Bai Lanyue leaned back on the couch, her red silk robe catching the light. "Let her keep playing her tune. I don't need to play instruments. I set stages. And when the curtains rise, there won't be room for doubt anymore."

"She must know," Wen Qing said softly. "She must know what you're planning."

"Let her know," Bai Lanyue said. "Let her feel the walls closing in. Let her compose a hundred songs. I don't need music to deliver my finale."

There was a pause as they all sat with the weight of her words.

Outside, rain had begun to patter against the tall windows of the penthouse. The city lights flickered like candle flames beneath the stormy sky, and inside, the mood had shifted—sharpened.

Wen Qing, ever the instigator, tilted her head. "Yichen, what if the veiled musician shows up at the banquet?"

"She wouldn't dare," Bai Lanyue said before he could respond. "Not without risking everything."

Shen Yichen smiled thoughtfully. "Or maybe she's counting on the chaos to protect her. Let's not forget—netizens are more loyal to mystery than truth."

Bai Lanyue's eyes glittered. "Then I'll make the truth impossible to ignore."

Wen Qing clapped her hands once, grinning. "Now that's the spirit."
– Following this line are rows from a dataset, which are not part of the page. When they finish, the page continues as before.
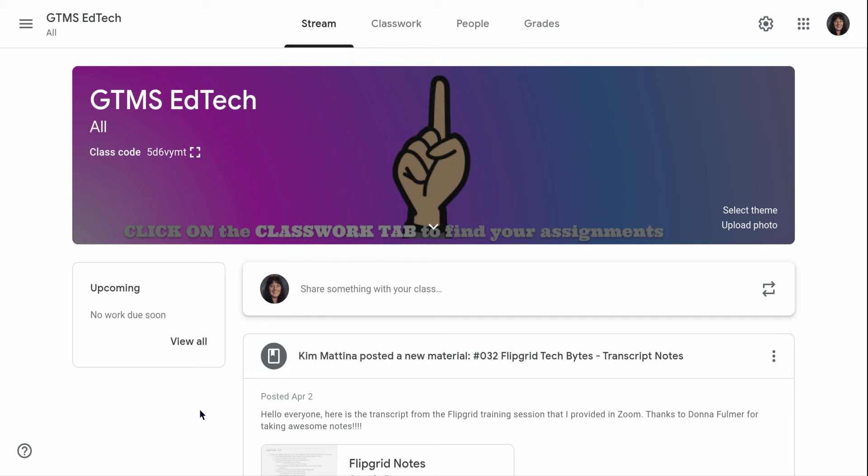Hi, my name is Kim Matina. This screencast will show you how to customize your stream page in Google Classroom.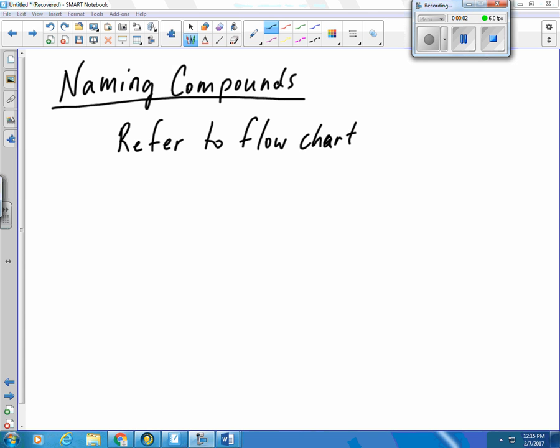Okay, so I just want to talk a little bit about naming compounds. In the first section, we stuck solely with ionic compounds. In the second section, we stuck solely with covalent molecules. Now in this section, we're going to group them all together. So it's going to be a little bit more difficult.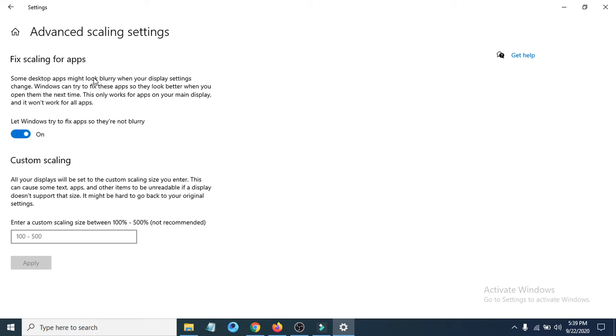Some desktop apps might look blurry when a display setting is changed. You have to make sure that this option is turned on here. And you just have to go back.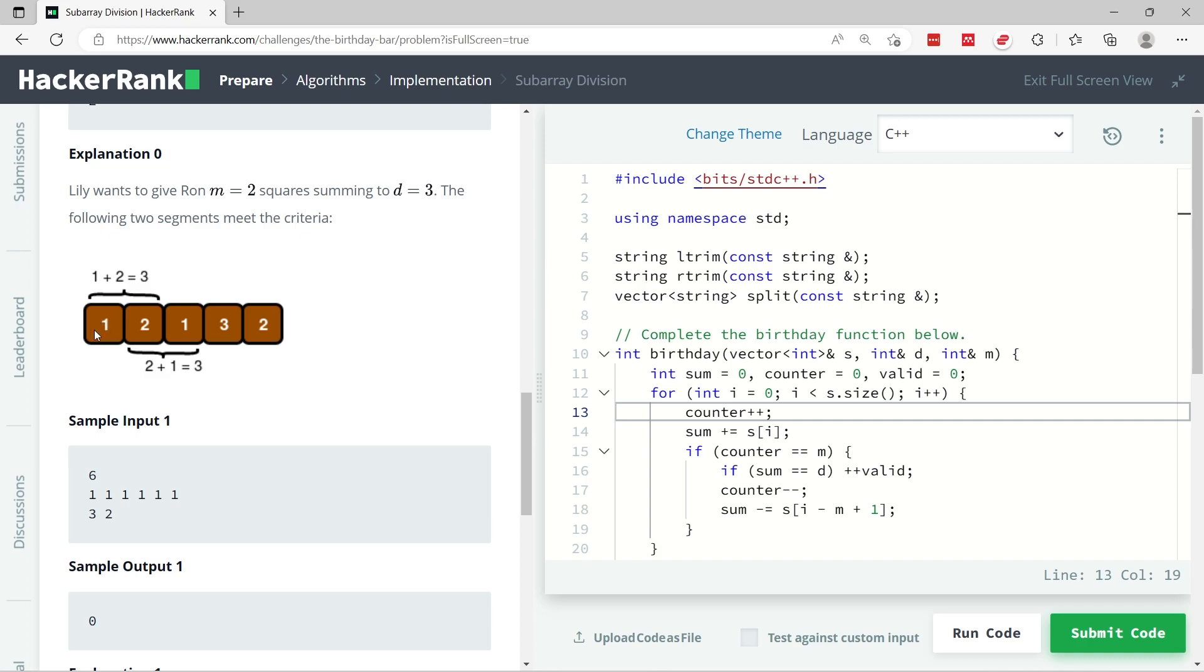Once we reach m squares, we need to check if the sum of the values in those squares equals d, which is 3 in this case. If yes, then we need to deduct the value from the first square so that we can do 2 plus 1 here. Then we check again, we have m squares now which is index 1 and index 2.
They laughed. Not the light kind, but the low, calculated kind that tasted like quiet vengeance and red wine. The veiled musician had played her melody, but the real performance hadn't even started yet.
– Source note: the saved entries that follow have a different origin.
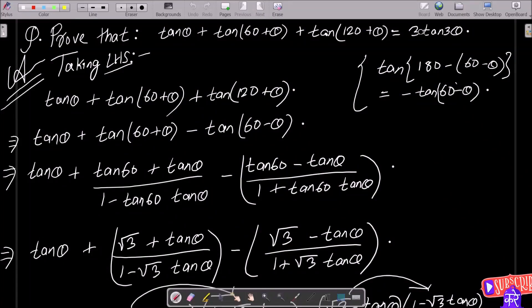In this video lecture, I am going to prove that tan θ + tan(60 + θ) + tan(120 + θ) = 3tan(3θ). Here we need to take the LHS to get the RHS.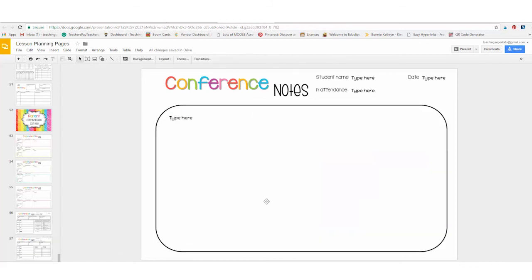There's also one that you can use to document conference notes that detail plans going forward.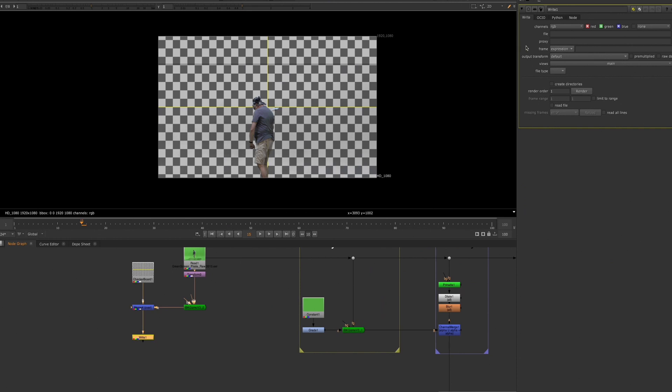If your project is not set up for you and you do not have a Write node and you're asked to adjust all of these settings, then it will be up to you to make sure all of these settings are correct. However, when you're learning and practicing different workflows in Nuke independently, you don't have to worry too much about adjusting all of these settings.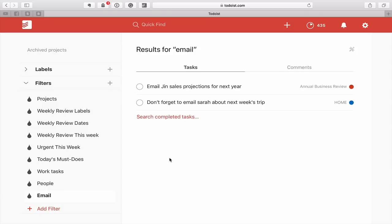Thank you very much for watching this episode of Working With Todoist. It just remains for me now to wish you all a very productive week.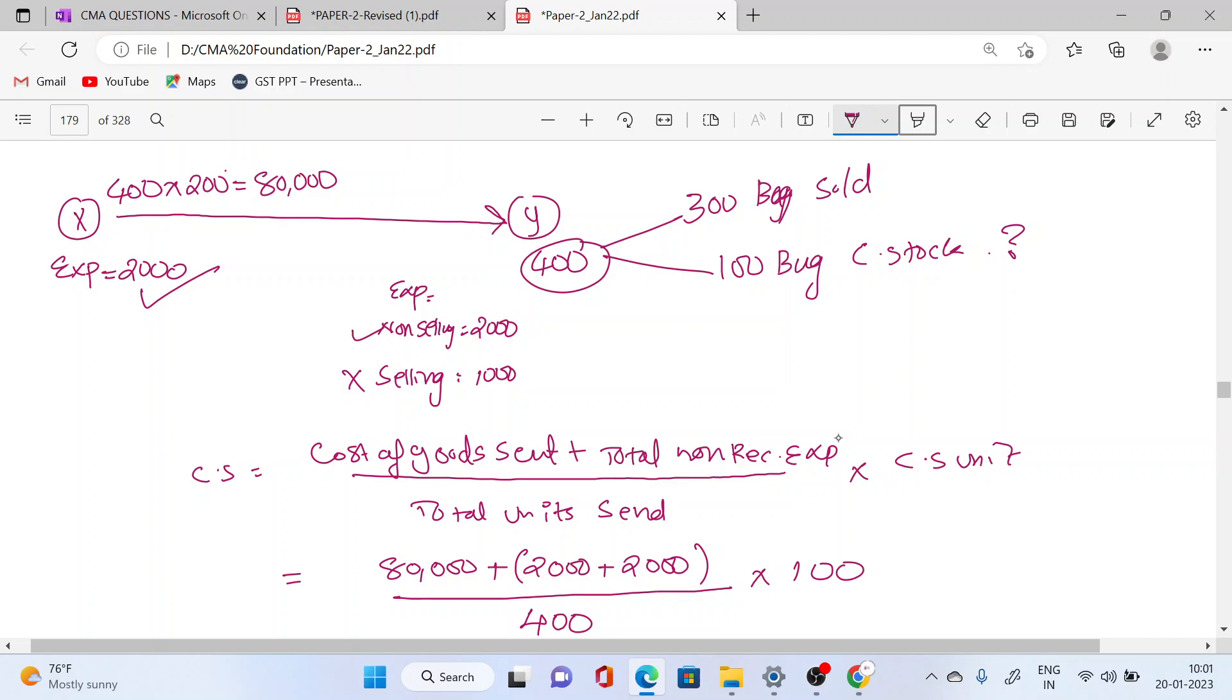This is 84,000: 80,000 plus 2,000 plus 2,000. 80,000 plus 4,000. That means 84,000 divided by 400 into 100, it will be 21,000.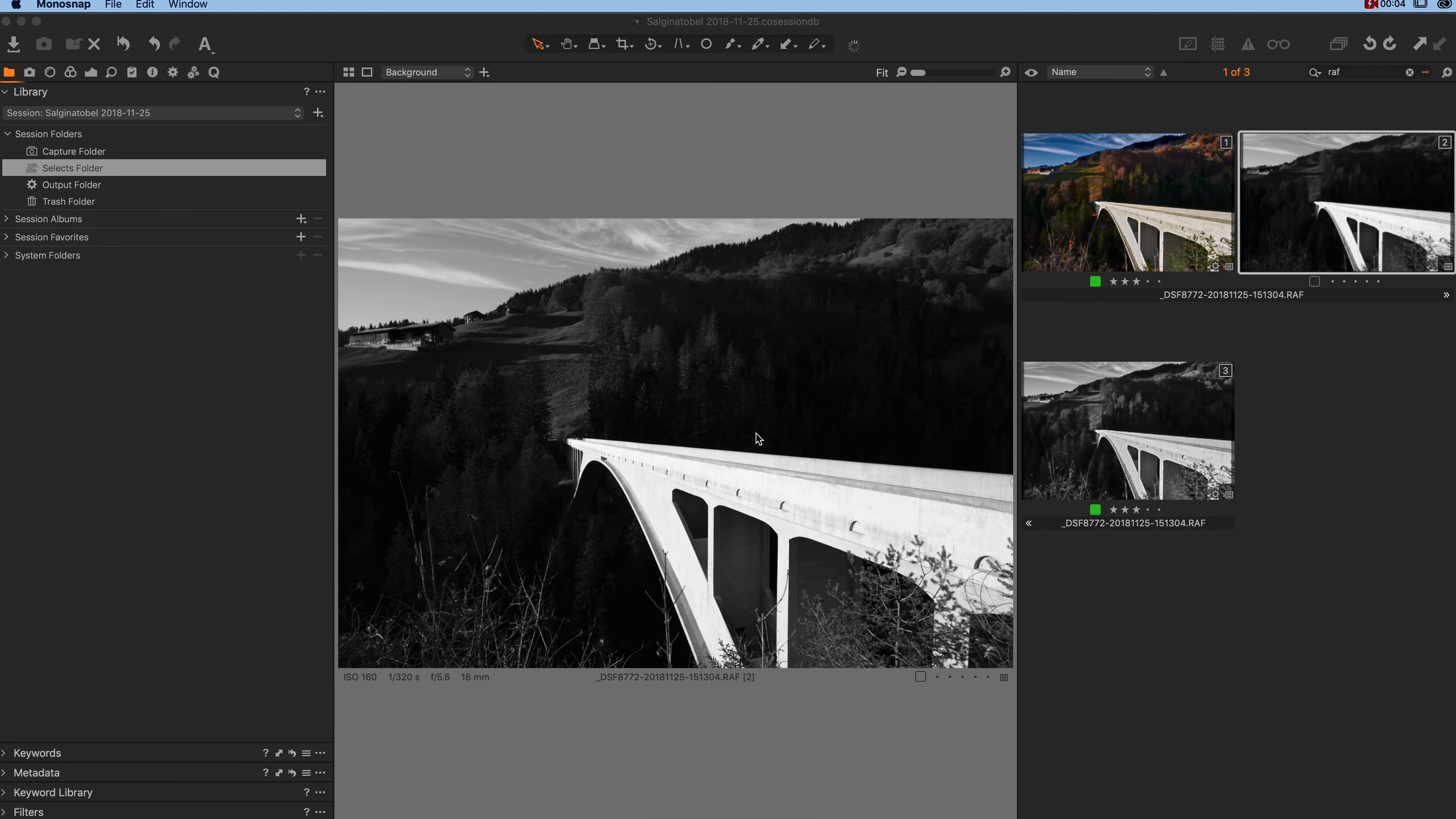In this video I show you how to select the camera profiles of Fujifilm cameras in Capture One version 12.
And Bai Lanyue? She didn't need strings. She had facts. She had evidence. And she had a date set to tear the veil off—not just from a face, but from the entire illusion.

As the laughter faded and the rain grew heavier, Bai Lanyue glanced once more at the tablet screen now gone black. The ghost behind the music still clung to the edges of the room, but she wasn't afraid of shadows.

She was the storm. And the stage was hers.